Search the records for the word "both". Copy every line where it appears.
== Segment start ==
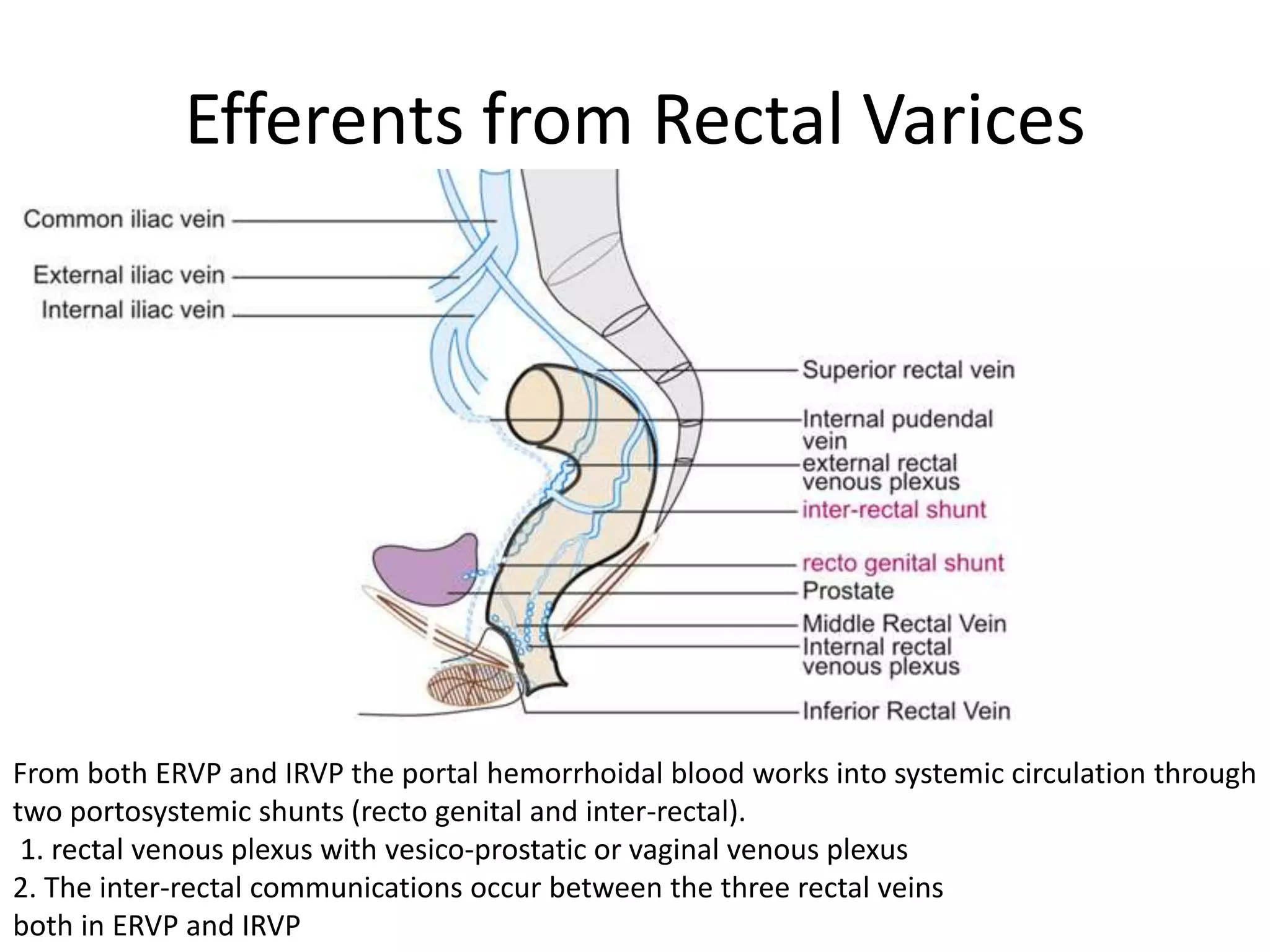 Efferents from Rectal Varices
From both ERVP and IRVP the portal hemorrhoidal blood works into systemic circulation through
two portosystemic shunts (recto genital and inter-rectal).
1. rectal venous plexus with vesico-prostatic or vaginal venous plexus
2. The inter-rectal communications occur between the three rectal veins
both in ERVP and IRVP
== Segment end ==
» Solution below
From both ERVP and IRVP the portal hemorrhoidal blood works into systemic circulation through
both in ERVP and IRVP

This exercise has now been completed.